Ma la tentazione di mettere mano ai risparmi degli italiani riguarda anche qualche banchiere e qualche ex banchiere. Corrado Passera, in passato amministratore delegato di Intesa Sanpaolo, aveva infatti proposto una tassa patrimoniale del 2% su tutta la ricchezza immobiliare esclusa la prima casa, i depositi bancari e i titoli di Stato con un incasso stimato a 85 miliardi di euro nel Grande Piano di Rilancio che aveva preparato per Giorgio Napolitano durante l’estate del 2011, mentre il capo dello Stato stava sondando Mario Monti per l’incarico di premier.
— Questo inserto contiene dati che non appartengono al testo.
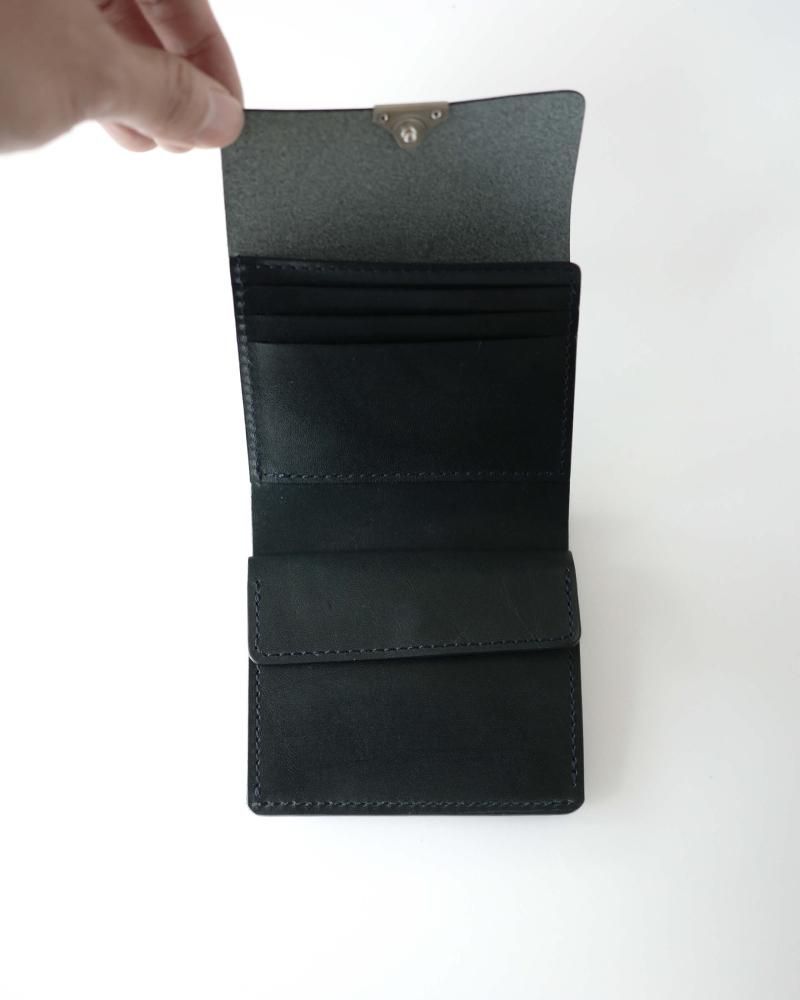 20/80 TOCHIGI LEATHER FOLDED WALLET 財布 20/80 | TOCHIGI LEATHER FOLDED WALLET WITH FLAP (BLACK) | hazy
Passera ora ha cambiato idea perché ritiene prioritario lo sviluppo rispetto a una nuova, clamorosa stretta fiscale.
Più recentemente invece, alla fine del 2013, l’ex banchiere Pietro Modiano, attualmente presidente di Nomisma e ai vertici della società aeroportuale Sea, ha consigliato di applicare un prelievo una tantum del 10% sulla fascia più ricca della popolazione. Proposte simili sono arrivate dai sindacalisti Susanna Camusso, leader della Cgil, e da Maurizio Landini, ma anche dal magistrato Francesco Greco, procuratore aggiunto di Milano, secondo cui serve una patrimoniale, ma soltanto “per chi ha portato i soldi all’estero”.